Prof. Dr. Barbara Völzmann-Stickelbrock
aa) Nichtbestehen der Klageforderung.
Rn 69
Das Gericht hat sich mit der Gegenforderung nur dann zu befassen, wenn diese entscheidungserheblich ist. Ist die Klage abzuweisen, weil die Klage unzulässig ist oder die Klageforderung nicht besteht, ergeht keine der Rechtskraft fähige Entscheidung über die nur hilfsweise geltend gemachte Gegenforderung. Eine gleichwohl gemachte Aussage zur Gegenforderung ist als reines obiter dictum unbeachtlich. Der Kl ist nur in Höhe der Klageforderung beschwert. Auch wenn der Bekl die Klageforderung unstr stellt und sich allein mit der Aufrechnung verteidigt, hat das Gericht – sofern kein ausdrückliches Anerkenntnis vorliegt – jedenfalls die Schlüssigkeit der Klageforderung zu prüfen, denn es darf nicht rechtskräftig über die Gegenforderung entscheiden, wenn die Hauptforderung schon aufgrund des Klägervortrags nicht besteht (Wieczorek/Schütze/Büscher § 322 Rz 260). Das Gericht darf nach der heute allg anerkannten Beweiserhebungstheorie die Entscheidung über die Klageforderung nicht mit der Begründung offenlassen, dass diese jedenfalls infolge Aufrechnung erloschen sei (Zö/G.Vollkommer § 322 Rz 20; Musielak/Voit/Musielak § 322 Rz 84 gegen die frühere Klageabweisungstheorie). Teilweise wird bei einem Verstoß gegen den Beweiserhebungsgrundsatz das Urt in umfassender Hinsicht der materiellen Rechtskraft nicht fähig ist, dh, weder über den Bestand der Klage bis zur Höhe der zur Aufrechnung gestellten Forderung rechtskräftig entschieden noch die Gegenforderung aberkannt ist (Zö/G.Vollkommer § 322 Rz 21). Nach aA ist durch ein derartiges Urt zwar die eingeklagte Hauptforderung rechtskräftig aberkannt, nicht aber eine der Rechtkraft fähige Entscheidung über das Erlöschen der Gegenforderung getroffen (Musielak/Voit/Musielak § 322 Rz 84, St/J/Althammer § 322 Rz 156). Da die Rechtskraft des § 322 I auch fehlerhaft ergangene Urteile erfasst, ist letzterer Auffassung zuzustimmen, lediglich die Wirkung der Ausnahmeregelung des § 322 II tritt in solchen Fällen nicht ein.
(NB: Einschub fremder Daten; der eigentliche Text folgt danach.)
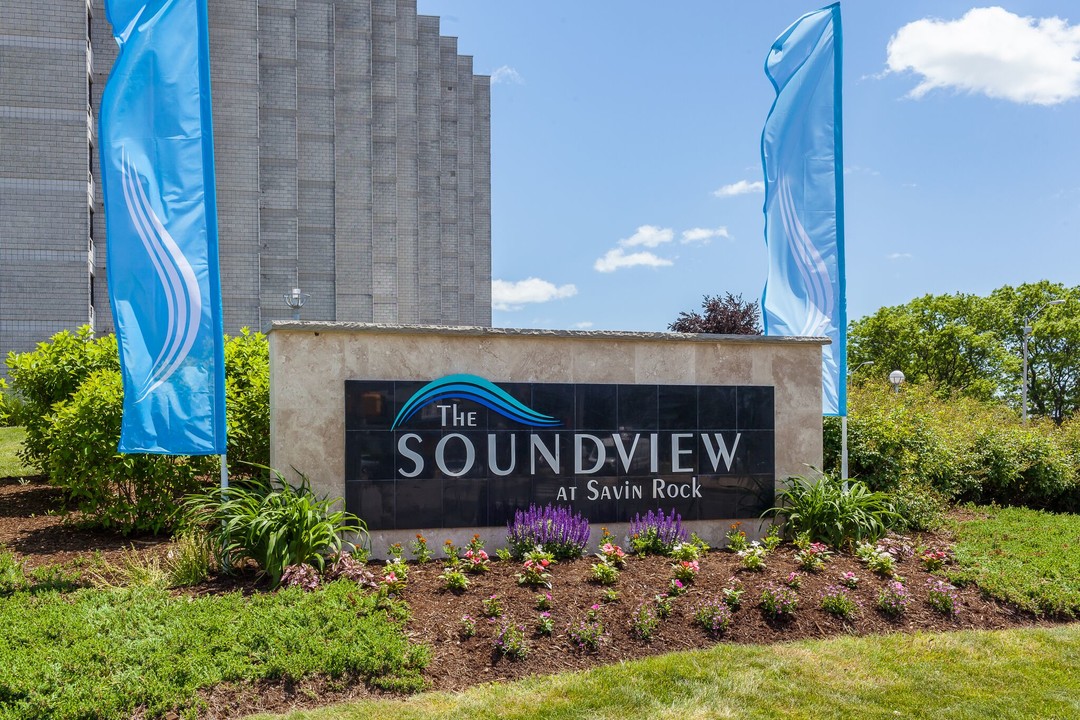 Soundview Apartments in West Haven, CT - Foto de edificio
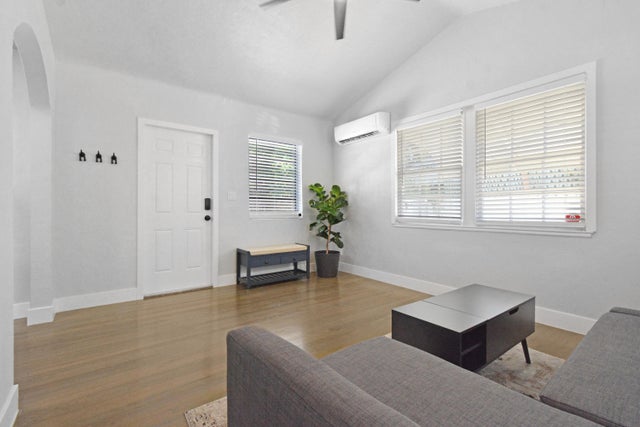 5 of 30 - 2140 Monroe Terrace, Hollywood, FL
bb) Begründetheit der Aufrechnung.
Rn 70
Besteht die Klageforderung und weist das Gericht die Klage aufgrund der zulässigen und begründeten Aufrechnung ab, so ist entsprechend § 322 II rechtskräftig festgestellt, dass die Klageforderung und die Gegenforderung in der Höhe der Klageforderung bestanden haben und dass beide Forderungen infolge der Aufrechnung erloschen sind. Beide Parteien sind jeweils in Höhe der Klageforderung beschwert (BGH NJW 02, 900). Legt nur der Kl Rechtsmittel ein, ist das Gericht gehindert, das Bestehen der Klageforderung anders zu bewerten als die Vorinstanz (BGHZ 109, 179, 188 = NJW 90, 447). Legt umgekehrt nur der Bekl Rechtsmittel ein, darf das Gericht nur das Bestehen der Klageforderung überprüfen, nicht aber die zuvor bejahte Gegenforderung verneinen (BGHZ 36, 316, 319 = NJW 62, 907). Ist die Gegenforderung höher als die Klageforderung, so wird der verbleibende Teil dem Bekl nicht rechtskräftig aberkannt, auch dann nicht, wenn die Gegenforderung in den Entscheidungsgründen insgesamt verneint wird (MüKoZPO/Gottwald § 322 Rz 205). Ist die Gegenforderung geringer als die Hauptforderung oder nur tw begründet, wird die Klage nur in der Höhe tw abgewiesen und damit rechtskräftig über die Gegenforderung entschieden, in der diese der Klageforderung begründet entgegensteht.